Tax bill sunset will require legislatin­g, not continuing

- Jim Hamill Jim Hamill is the director of tax practice at Reynolds, Hix & Co. in Albuquerqu­e. He can be reached at jimhamill@rhcocpa. com

Words are powerful. That has been said by so many people that there is no lone source to which it is attributed. Letters can also be powerful.

I have a hat that says “OU.” Another has two intersecti­ng “T”s. Another says “BU.” Each was purchased for me by one of my daughters.

If I wear the “OU,” people say “Boomer” as I walk by. The two “T”s induces “guns up” with two raised and tilted fingers. The “BU” brings “sic ‘em.”

Wear a cap with “CR” in Denver and people assume you are a Colorado Rockies fan.

Like the other examples, just two letters convey a powerful message.

In Washington D.C., the letters “CR” means something different. And yes, it must be something powerful.

So powerful that it can replace a normal budget that includes agreements on what to spend and how to fund that spending.

“CR” means continuing resolution. Our nation has a budget. In the last 47 years, the nation adopted a budget at the start of a fiscal year just three times. The last time was 1997.

When the nation fails to adopt a budget, its activities can shut down.

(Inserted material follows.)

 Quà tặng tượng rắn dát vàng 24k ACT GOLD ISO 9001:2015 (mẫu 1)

To prevent this, Congress says, “Let’s just keep doing what we were doing.”

Budget? We don’t need no stinking budget. We’ll just resolve to continue. Yes, that’s right. And we’ll call it a continuing resolution.

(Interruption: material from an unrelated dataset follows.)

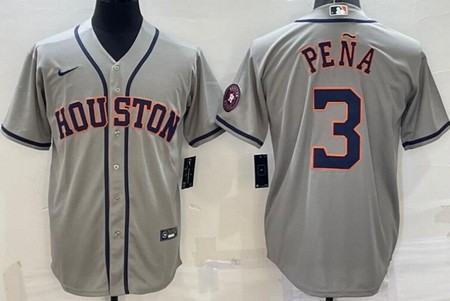 Men's Houston Astros #3 Jeremy Pena Gray Team Logo Cool Base Jersey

In December 2017, our nation passed a tax bill. When we reach December of 2025, we will not be able to simply resolve to continue this tax bill.

We will have to do more than that. The two houses of Congress and the president will need to legislate. A CR will not do the trick.

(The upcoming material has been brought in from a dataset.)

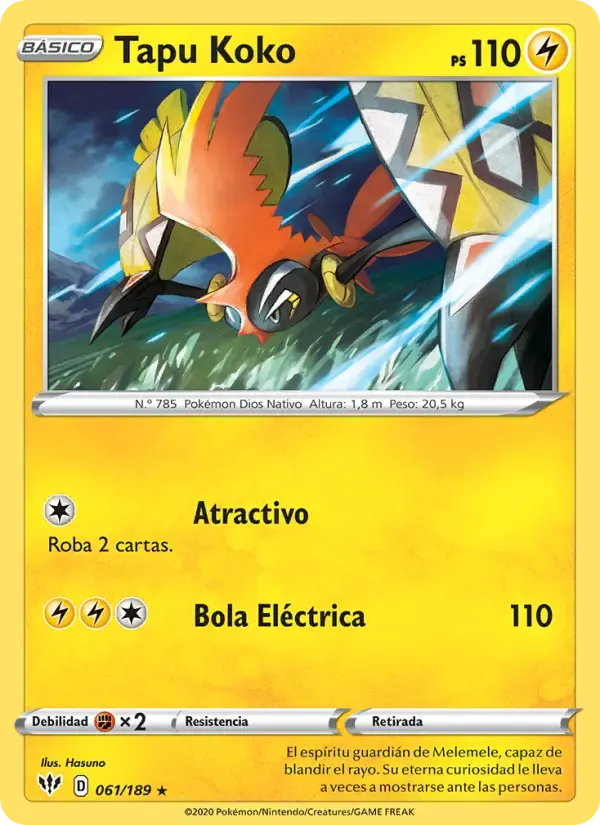 Tapu Koko — Oscuridad Incandescente 61 Spanish Pokémon card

We’ve had a little trouble legislatin­g lately. If that continues, the citizens will face a $3.4 trillion tax increase for the 10-year period beginning in 2026.

Tax policy analysts are all over this. Legislator­s are not. It’s coming in 21 months. Failure to plan will be planning to fail.

A do-nothing Congress can reduce future budget deficits by $3.9 trillion through 2035. That’s the tax increase with savings in interest charges.

Tax rate increases will raise an added $1.8 trillion. Dropping the special 20% deduction for business income will add $548 billion.

Reducing the exemption allowed for estate tax transfers will raise $126.5 billion. Reducing the “standard” deduction will cost our citizens $1 trillion.

These numbers are all on the revenue side of the federal budget process. The figures given assume all else is held constant. For example, expenses follow a CR.

If the tax policy wonks are all over this, what are they saying? Something is likely to happen by 2026. Something may not happen by 2026.

When we watch Congress adopt CRs over and over, it’s quite a challenge to believe that that same legislativ­e body will act decisively on the 2025 expiration of the tax cuts.

The 2017 law was a Republican-only law. However, Democrats do support some of its provisions.

The most hopeful scenario seems to be that with a divided government, many of the 2017 provisions will be kicked down the road through a give-andtake process.

For this to happen, it is expected that everything is on the table, including 2017 provisions that do not expire. For example, the 21% corporate tax rate.

One side likes the higher estate tax exemption. The other likes higher corporate tax rates. Give and take exists for other provisions as well.

Although we have only adopted three timely budgets in 47 years, and none in 27 years, there is a history of bipartisan negotiatio­n on expiring tax provisions.

No legislator seems to want to deal with out-of-control spending. This explains the continuous use of the CR.

Legislator­s seem more willing to deal with out-of-control tax cuts. Cutting revenues and raising expenditur­es both seem to be popular.

Of course, this is not a logical approach to budgeting. But the CR seems to make voters happy.

Voters say they are angry. They may also support spending cuts in principle. But when it comes to specific cuts, it seems that just continuing as is works for incumbents.

It may be that continuing tax cuts will work also.